For that reason, we have phones (actually computers) in our pockets instead of the party-line phone my family had as a child, tethered to a fixed location, and only available if another family member or a neighbor sharing the party line wasn’t using it.
We have cars which are safer, handle better, and are more comfortable, efficient, and reliable; large-screen color televisions instead of small black-and-white tubes, to name but three of thousands of ever-improving products we enjoy. The reason for the difference is competition; for most products, if they are not better five years from now, they are toast. Unlike the private sector, government doesn’t have to compete to survive…so it typically doesn’t.
For many goods and services, the private sector is the obvious choice and should be used when services to the public can be provided better, faster and cheaper. A case in point is our national air-traffic control system. Our country has been trying for decades to update this system, and may now be on the cusp of actually doing so. In the structure currently under consideration, some of the functions would remain governmental in nature, and some would not. A Wall Street Journal Oct. 12, 2017, editorial noted the proposed system would provide significant improvements, with a non-profit entity consisting of pilots, airlines, controllers and industry experts managing air-traffic operations and the Federal Aviation Administration overseeing safety.
Per the Journal, “This arrangement has allowed Canada to lower levies by about one-third and manage routes and landings more efficiently. The Journal recommends that Republicans “seize the moment because they have a President who wants reform as part of his infrastructure upgrade. … (However) The biggest hurdle may be convincing (government) appropriators to relinquish control over billions in air-travel tax revenue they now redistribute.”
There are two pieces of good news here for us both as people who fly on planes and as taxpayers. The “new air-traffic entity would reduce the number of federal employees by more than 30,000 and federal spending by billions of dollars. The perception that the government has become too large even to know what it manages is one reason voters gambled on Donald Trump. Modernizing the human misery known as U.S. air travel should be a bipartisan win.”
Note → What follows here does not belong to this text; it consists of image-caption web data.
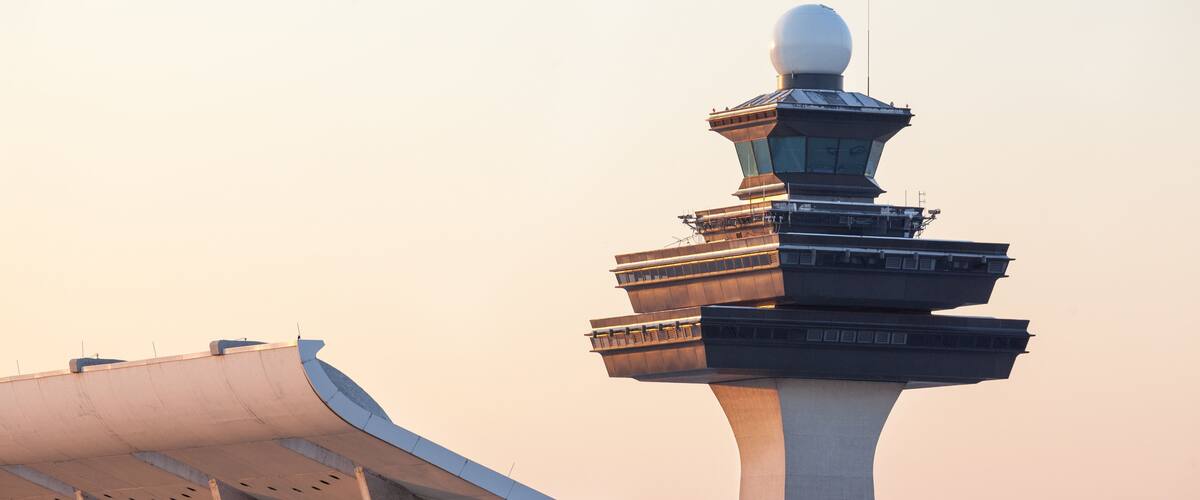 A modern airport control tower with a spherical top and a curved, white-roofed building in the foreground.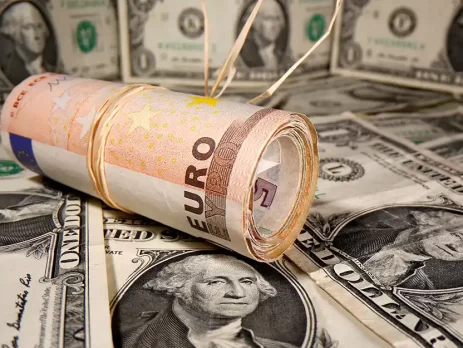 EURUSD - Rolled euro bills resting on a background of US dollars -2025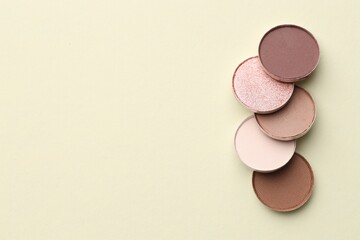 Beautiful eyeshadow refill pans on beige background, flat lay. Space for text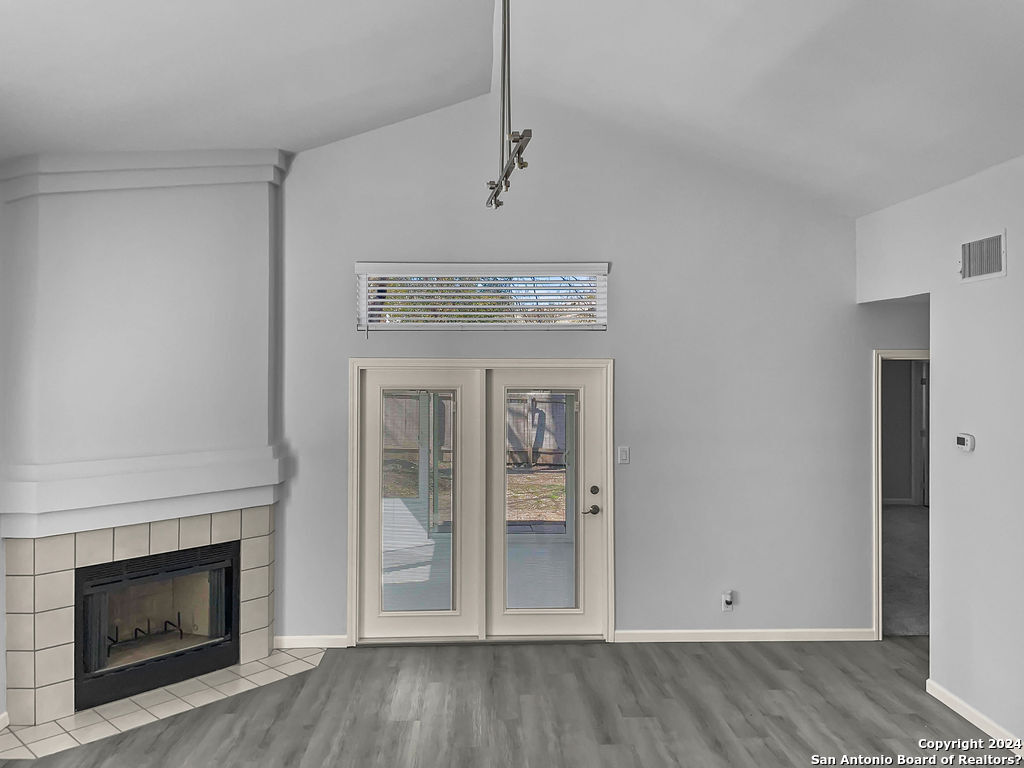 13211 Huntsman Road San Antonio, TX 78249 - Photo 14 of 33 a view of a livingroom with wooden floor and a fireplace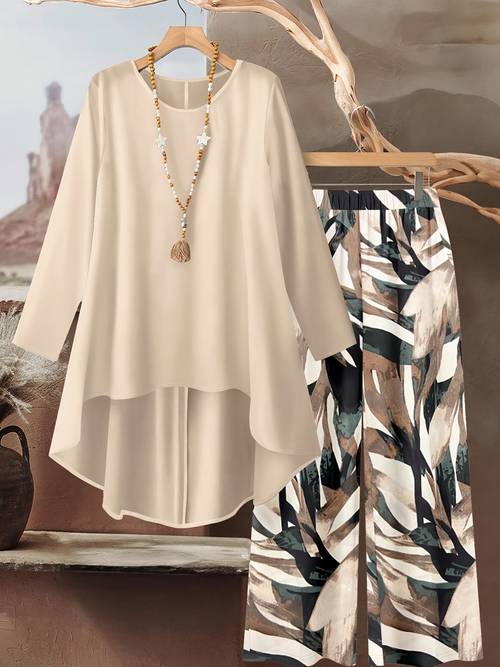 a two piece outfit featuring beige asymmetrical top with ink colored wide leg trousers a stylish yet comfortable look for vacations or daily commutes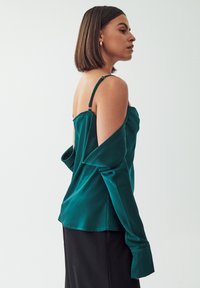 Turkusowa bluzka satynowa z cienkimi ramiączkami, fasonem off-shoulder, długimi rękawami i gładką teksturą. Posiada subtelny połysk i luźny krój.
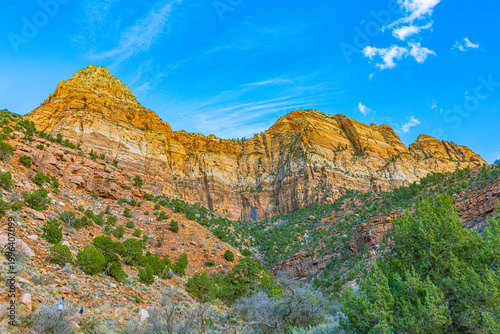 Slika na platnu A low-angle view of massive monolithic sandstone rock formations rising sharply against a bright blue sky in Zion National Park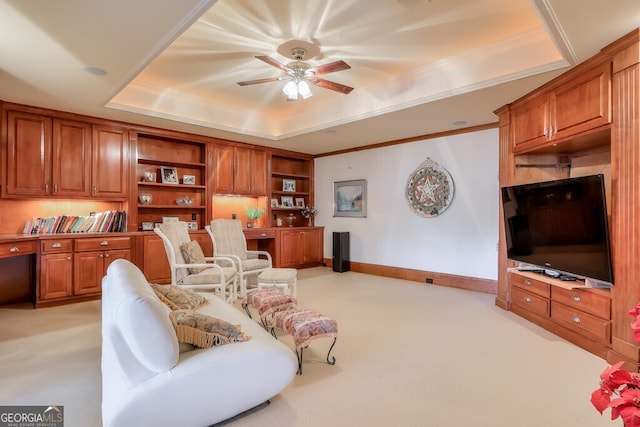 carpeted living room with crown molding, built in features, ceiling fan, and a raised ceiling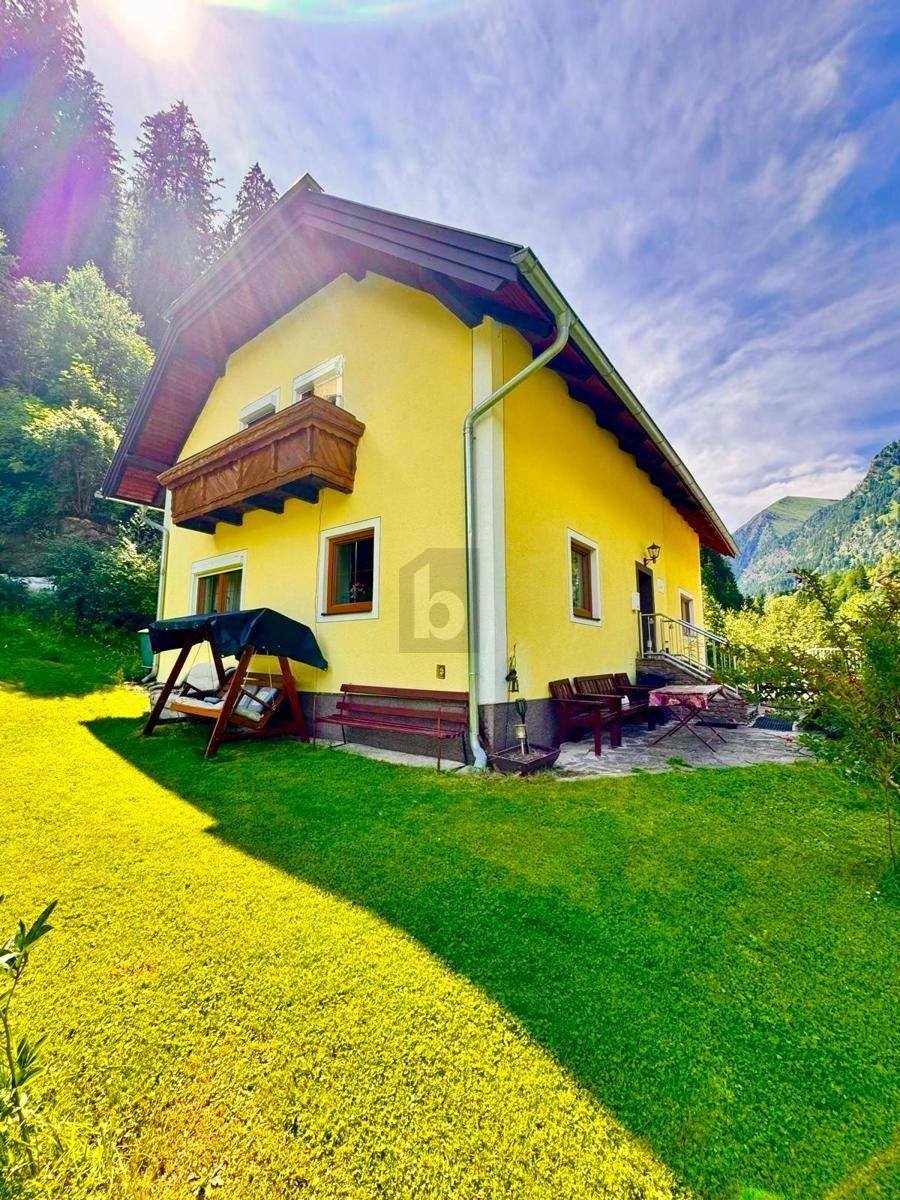 Charmantes gelbes Haus mit Holzbalkon, Schaukel und Sitzgelegenheiten im grünen Garten.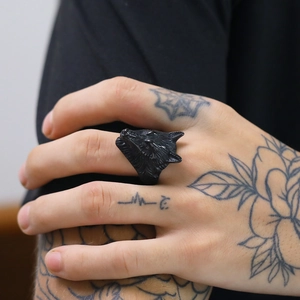 Detailed view of a 3D wolf head punk ring in matte black finish on a tattooed hand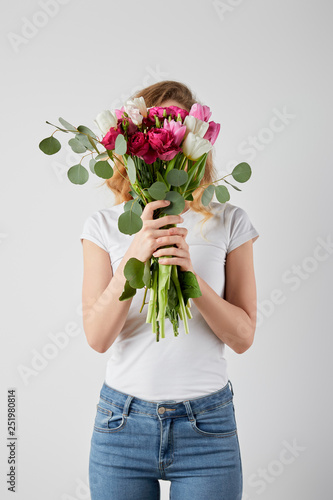 girl holding fresh bouquet with tulips, eucalyptus and roses in front of face isolated on grey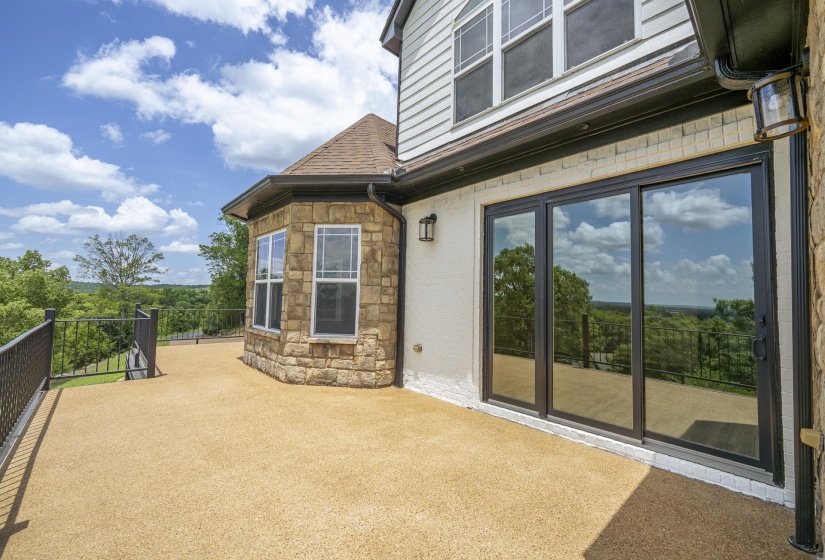 Spacious outdoor deck featuring an expansive concrete surface, black metal railing, and a stone-clad bay window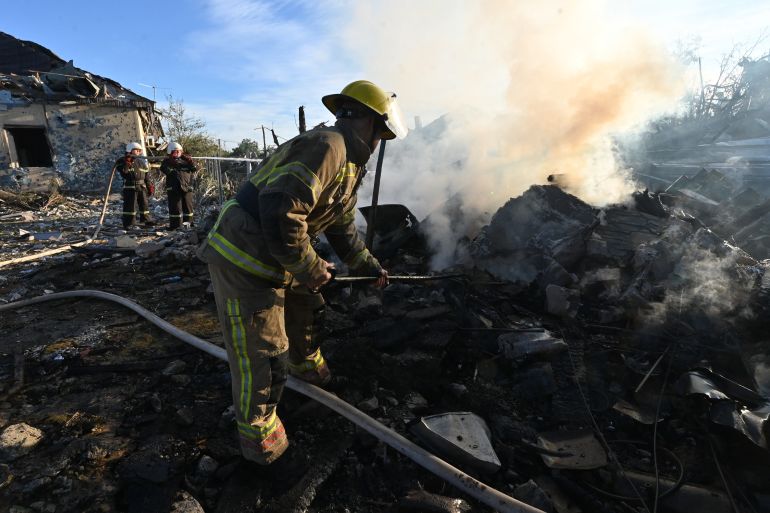 TOPSHOT - Firefighters extinguish a fire at a house following air strikes in Kharkiv on October 2, 2026, amid the Russian invasion of Ukraine.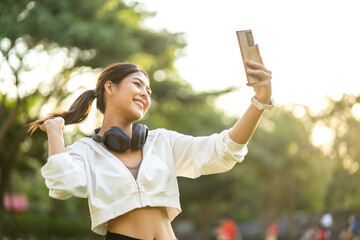Portrait of smiling cheerful beautiful pretty asian woman clean fresh healthy white skin posing smile look at camera making live selfie on smartphone at green park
No one can blame those 30,000 employees for wanting to hold onto their jobs. But think of this: This is only one service of the myriad services provided to us by government, and in this one service alone, we have identified 30,000 jobs that the taxpayers don’t need to be funding.
Now, may I shift gears and ask, can we bring this type of tax savings home to New Jersey? We have become a move-out state because, for too many people, their incomes are insufficient to pay the tax bills our outdated and inefficient governmental structures require. Further, high taxes and falling population not only drives out our industries but makes us unattractive to new companies looking to expand.
There is an adage which states, Recognition of a problem is half the solution. We are smart, applied people; we’ll work through this issue just as we have the other issues we’ve faced in the past; we did not become one of America’s richest states by being irresponsible.